Despite his severe and “life changing” injuries, Rushdie’s “feisty and defiant sense of humor” remains intact, his son said.
Rushdie’s literary agent Andrew Wylie told the New York Times that the controversial author’s condition is “heading in the right direction,” though he noted Rushdie’s injuries are “severe” (he previously told outlets that Rushdie would likely lose an eye).
Hadi Matar, the 24-year-old man from New Jersey who was charged with Rushdie’s stabbing, had reportedly been in direct contact on social media with members of Iran’s Revolutionary Guard, anonymous intelligence sources told Vice News, though there’s no evidence any officials in Iran were involved in his alleged attack on Rushdie.
Matar’s father, who lives in southern Lebanon, has reportedly locked himself inside his home and is refusing to speak to anyone about the charges against his son or the stabbing, Yaroun town mayor Ali Tehfe told Reuters.
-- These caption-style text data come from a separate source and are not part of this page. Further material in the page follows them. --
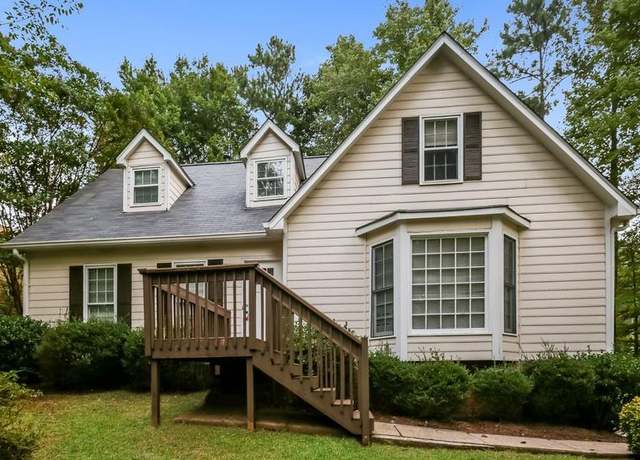 Property at 3999 Tall Pine Dr, Marietta, GA 30062, 4 beds, 2 baths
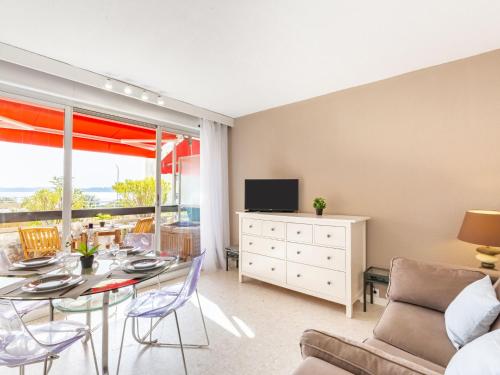 un salon avec une table, des chaises et une télévision dans l'établissement Apartment Le Grand Large-4 by Interhome, à Sainte-Maxime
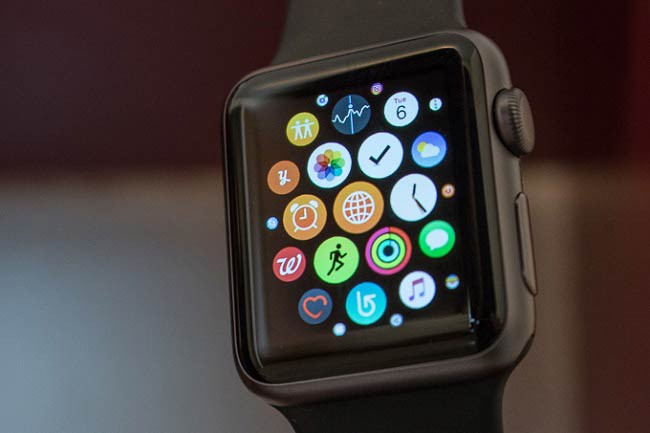 Giao diện hiển thị các chức năng chính trên đồng hồ Apple Watch Series 1 cũ, bao gồm ứng dụng và thông báo.
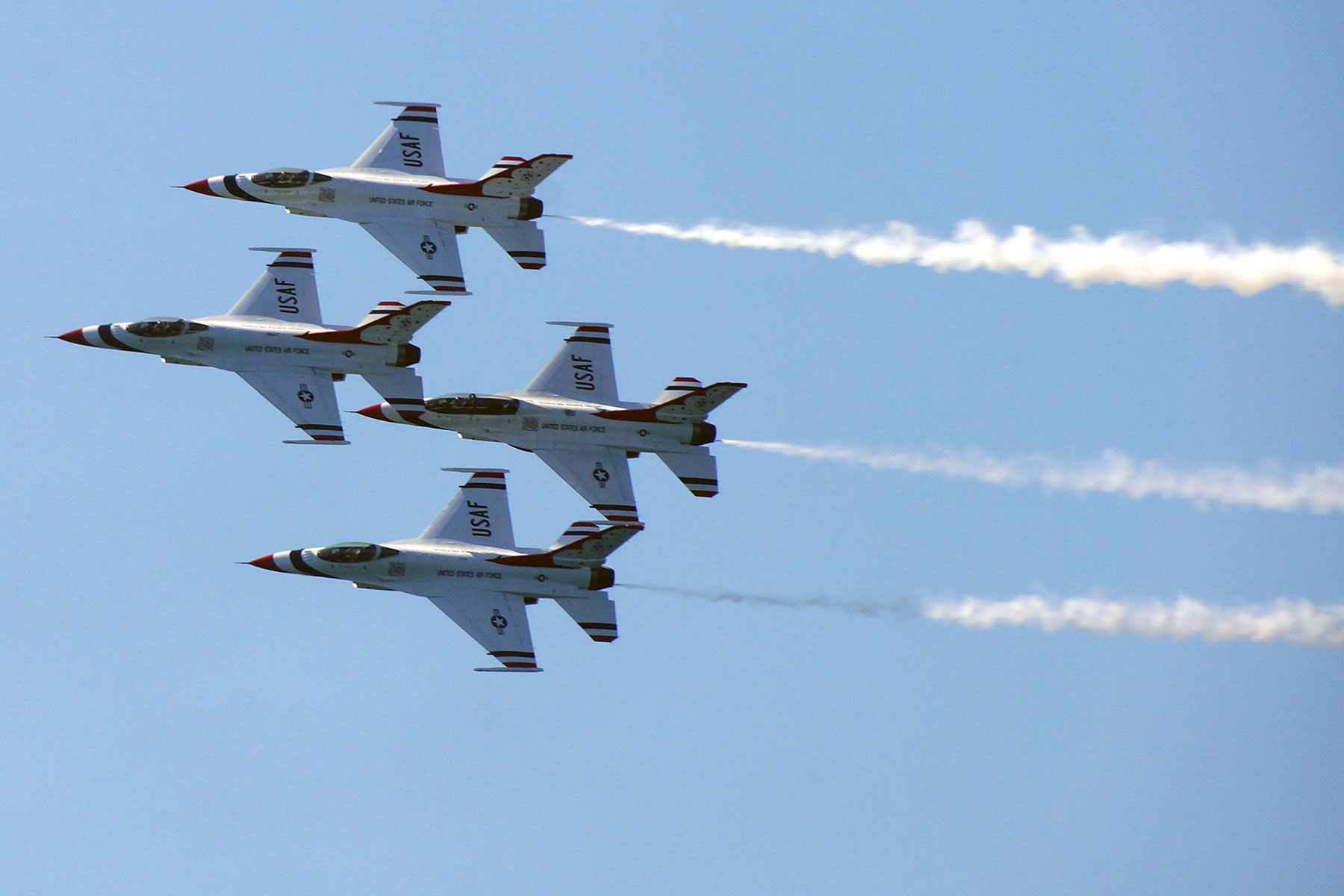 Milwaukee Air & Water Show returns for 2018 with worldclass performers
The Revolutionary Guard is a military branch meant to protect the country’s Islamic republic political system. It was founded after the Iranian Revolution and is one of the most powerful and influential institutions in Iranian society. In 2019, former President Trump classified the group as a foreign terrorist organization.
Rushdie was stabbed Friday during a talk about exiled writers in the U.S. in Chautauqua, N.Y. The author is one of the most controversial figures in the literary world after his 1988 book, The Satanic Verses, prompted Iranian officials to call for his death. The novel, which is in part inspired by the life of the Islamic prophet Muhammad, was called blasphemous by religious leaders, and Rushdie spent years in hiding. With Rushdie’s stabbing, at least five people involved in publishing international editions of The Satanic Verses have been violently attacked, including two translators.